[Prompt]:
Everything in the data gets repeated exactly, except for the pictures.

[Record set]:
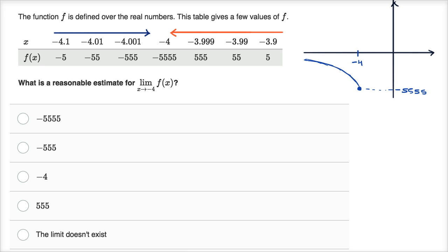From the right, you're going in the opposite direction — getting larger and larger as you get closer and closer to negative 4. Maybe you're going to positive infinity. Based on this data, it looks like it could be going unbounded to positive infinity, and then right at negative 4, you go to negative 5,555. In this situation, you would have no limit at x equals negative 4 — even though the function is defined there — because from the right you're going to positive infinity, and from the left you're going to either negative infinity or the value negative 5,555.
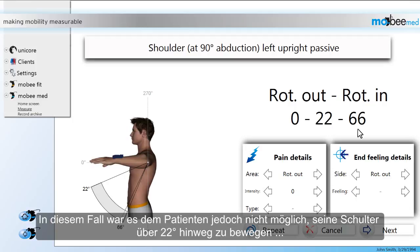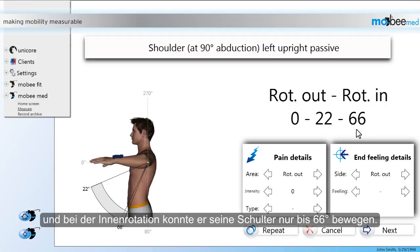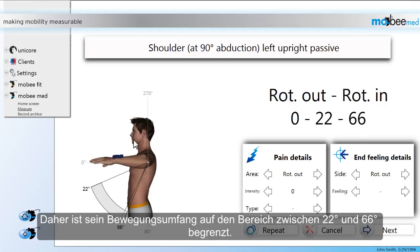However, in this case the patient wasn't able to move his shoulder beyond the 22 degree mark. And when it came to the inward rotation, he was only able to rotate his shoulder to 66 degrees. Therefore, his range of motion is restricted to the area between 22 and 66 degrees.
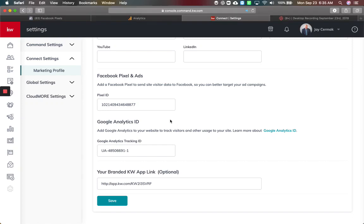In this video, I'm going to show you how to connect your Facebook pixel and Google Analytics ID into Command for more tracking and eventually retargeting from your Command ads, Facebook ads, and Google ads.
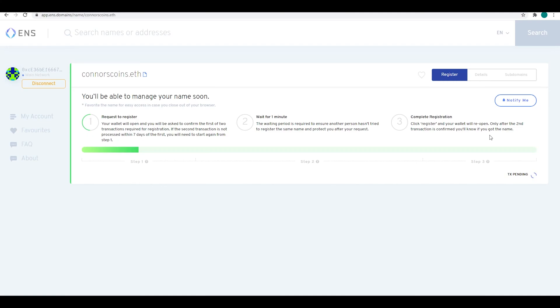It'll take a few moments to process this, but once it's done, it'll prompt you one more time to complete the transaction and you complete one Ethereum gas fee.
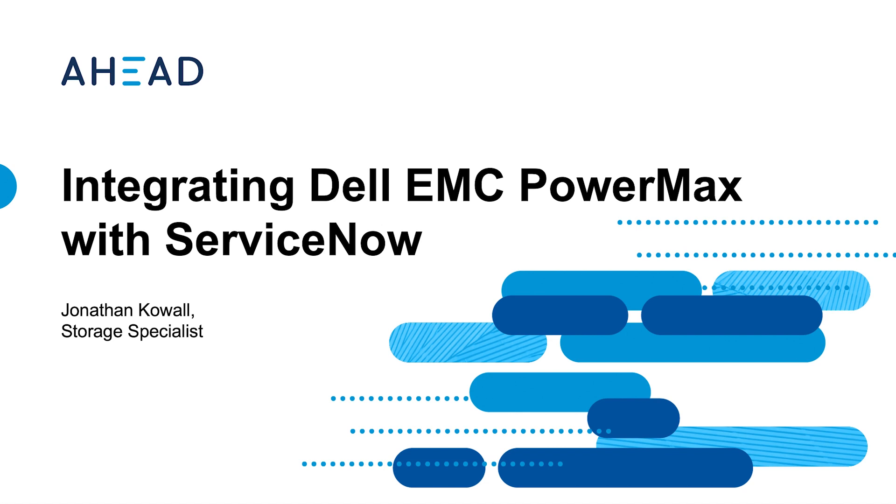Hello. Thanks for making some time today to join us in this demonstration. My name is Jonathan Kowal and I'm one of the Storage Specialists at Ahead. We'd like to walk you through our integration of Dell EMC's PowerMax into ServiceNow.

[Problem solution]:
From the right, you're going in the opposite direction — getting larger and larger as you get closer and closer to negative 4. Maybe you're going to positive infinity. Based on this data, it looks like it could be going unbounded to positive infinity, and then right at negative 4, you go to negative 5,555. In this situation, you would have no limit at x equals negative 4 — even though the function is defined there — because from the right you're going to positive infinity, and from the left you're going to either negative infinity or the value negative 5,555.
However, in this case the patient wasn't able to move his shoulder beyond the 22 degree mark. And when it came to the inward rotation, he was only able to rotate his shoulder to 66 degrees. Therefore, his range of motion is restricted to the area between 22 and 66 degrees.
In this video, I'm going to show you how to connect your Facebook pixel and Google Analytics ID into Command for more tracking and eventually retargeting from your Command ads, Facebook ads, and Google ads.
It'll take a few moments to process this, but once it's done, it'll prompt you one more time to complete the transaction and you complete one Ethereum gas fee.
Hello. Thanks for making some time today to join us in this demonstration. My name is Jonathan Kowal and I'm one of the Storage Specialists at Ahead. We'd like to walk you through our integration of Dell EMC's PowerMax into ServiceNow.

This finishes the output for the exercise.